In situation 1, the obvious answer is to fix the issue, having life long breathing difficulties that could easily be avoided would be cruel.
In situation 2, in my opinion it would also be cruel to impose on a kid; hey we could have fixed your hearing in a safe and effective way, but we decided for you before you were born that you would be "special".
I get where people are coming from, but they are looking at it with 2024 eyes, not 2424 eyes. Why would you impose on a kid, who has no say in the matter, a disability? Because that is the choice you are making, you are imposing a disability on a child that does not need to be there.
We currently give women folate, to protect against neural tube defects; along with a bunch of other interventions. We are already "interfering" with the "natural" progress of pregnancy and birth, we are only going to get better at it.
And also the conflating of eugenics and fixing birth defects is completely off base. These are only related by the fact that breeding is involved; they have nothing in common beyond that. In the same way that my kitchen knives would make great stabbing weapons, but cooking and stabbing only really have the tools in common.
Fetus is developing normally, except it has no ocular nerves. There is no cure for this. Baby is born and neural interfaces are implanted, along with a device for feeding EM sensory data directly into the brain.
Ok but for scenario 2 have you asked the deaf? Many of us say to do just that. In fact we disproportionately fight the hearing by saying that infants cannot consent to cochlear implants
That is an interesting point, as you say infants cannot consent to implants. Which does raise ethical questions.
But you are, I think, still looking from a 2024 perspective, where none of the technologies are even remotely available.
If you can consider it from the 2424 perspective, the treatment is non-invasive, permanent, safe and effective. It has been the standard for 100 years. Star Trek medical tech is magical to us because it is simply a story, but consider if it were real, what argument could you make to withhold the treatment?
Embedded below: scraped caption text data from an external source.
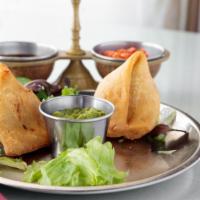 Meat Samosa (2 Pieces) · Crispy turnovers stuffed with ground lamb, spiced potatoes and peas.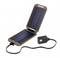 A portable solar charger connected to an action camera. Ideal for outdoor activities to generate electricity while on the move.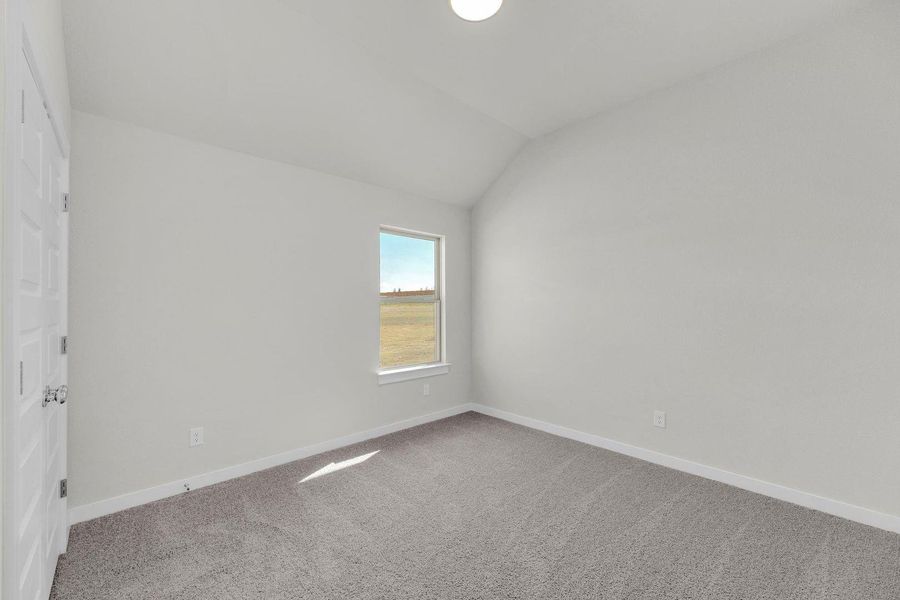 Bedroom in the Pecos home plan by Trophy Signature Homes – REPRESENTATIVE PHOTO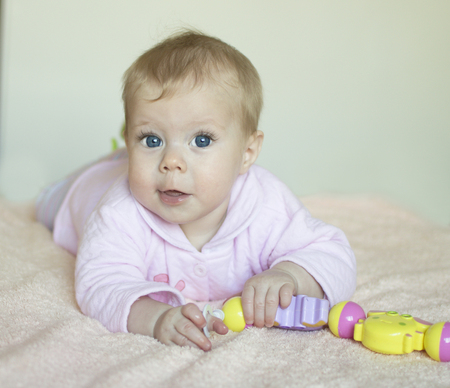 The baby of half a year lies on a stomach の写真素材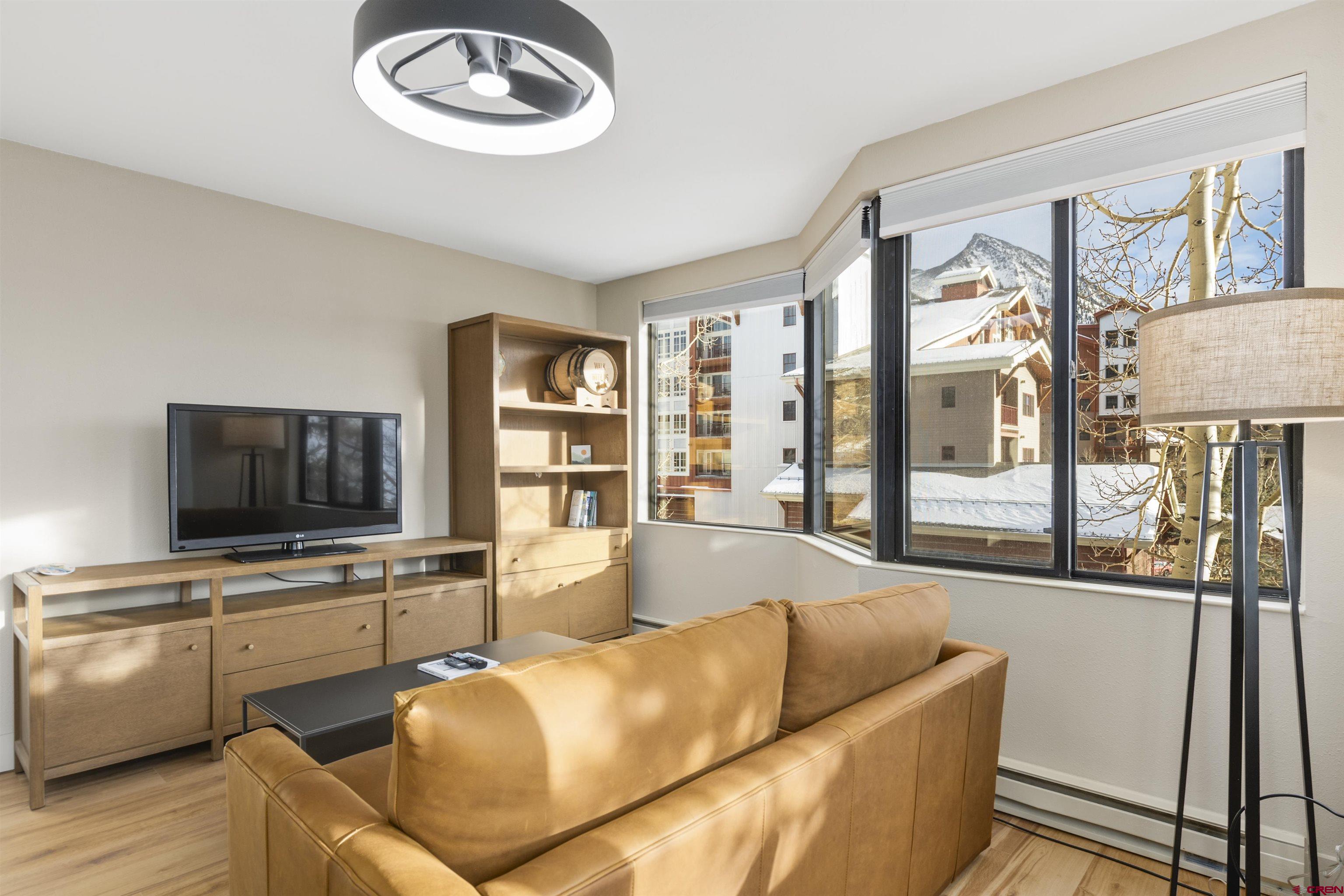 6 Emmons Road, Unit 351 Crested Butte, CO 81225 - Photo 9 of 21 a living room with furniture and a flat screen tv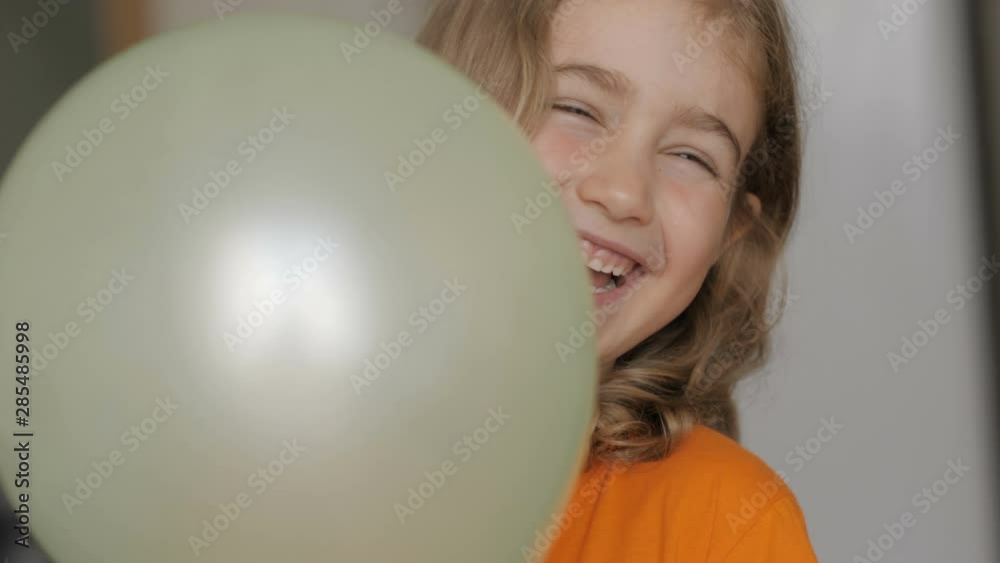 Little girl looks out from behind balloon and laughs happily. Close up portrait of a happy little child bursting in laugh. Child girl blonde with blue eyes and laughs indoors. Closeup. Slow Motion. Little girl looks out from behind balloon and laughs happily. Close up portrait of a happy little child bursting in laugh. Child girl blonde with blue eyes and laughs indoors. Closeup. Slow Motion.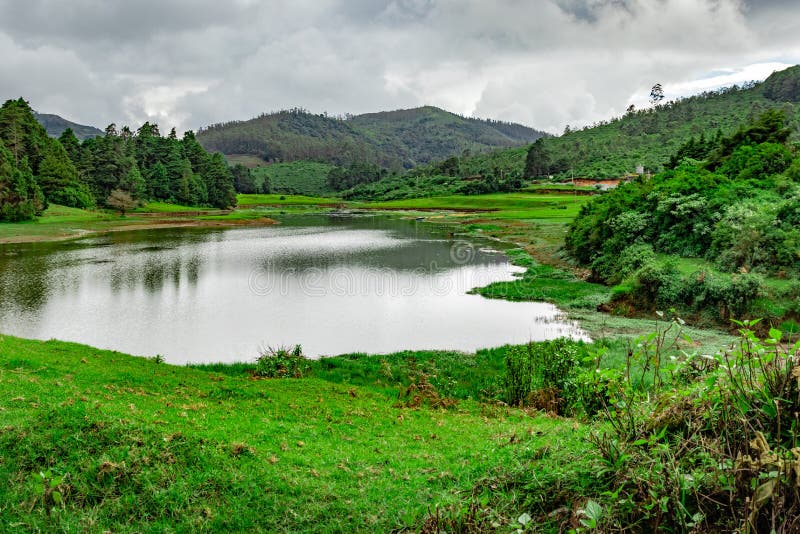 Lake pristine with mountain water reflection at morning image is taken at south india. it is showing the beautiful landscape of south india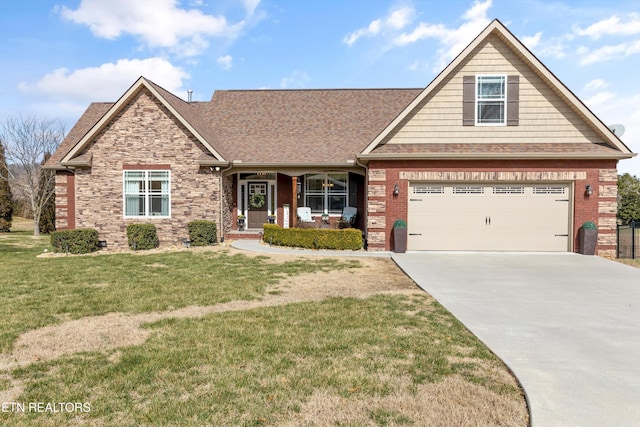 craftsman-style home with a garage, covered porch, and a front lawn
I would see this as similar to the anti-vax arguments; withholding vaccines from a child who then goes on to catch a life altering disease, is a form of abuse. The kid cannot make its own judgements or medical decisions, but it sure can catch polio.
Would deliberately withholding "cures" be considered child abuse?
That is a difficult question. I would err on the side of yes. With some caveats.
Not treating some serious genetic conditions when safe, effective and proven treatments are available. Could easily be construed as abuse.
When considering the Star Trek universe medical care is free and easily accessed. Treating these conditions would be the default.
Turning this the other way around, and looking at it from the point of view, that the technology is the standard. What argument could you make in favour of leaving the condition in place?
The deaf see it similar to how the intersex do, that it should be the individual’s choice when they’re old enough to decide.
It's not off base and what you're describing is called liberal eugenics, or new eugenics.
[...] some critics, such as UC Berkeley sociologist Troy Duster, have argued that modern genetics is a "back door to eugenics".
I'm sure the laws set in place after the eugenics wars would be strict enough to not leave such wiggle room.
It doesn't really seem like in either situation I described that the treatment-enhancement gap has been breached.
There is no PGD, we are considering Star Trek levels of scanning technology. Both situations resulted from natural fertilisation, there was no group of potentials to select from.
The goal of eugenics, is unambiguously, to breed for some ideal. This resulted in some pretty dark times in the recent past.
Realistically, a lot of medical technology today is the antithesis of the eugenic ideal. Allowing those, who in the past, would have died from various causes to live. We at a species are the stronger for it.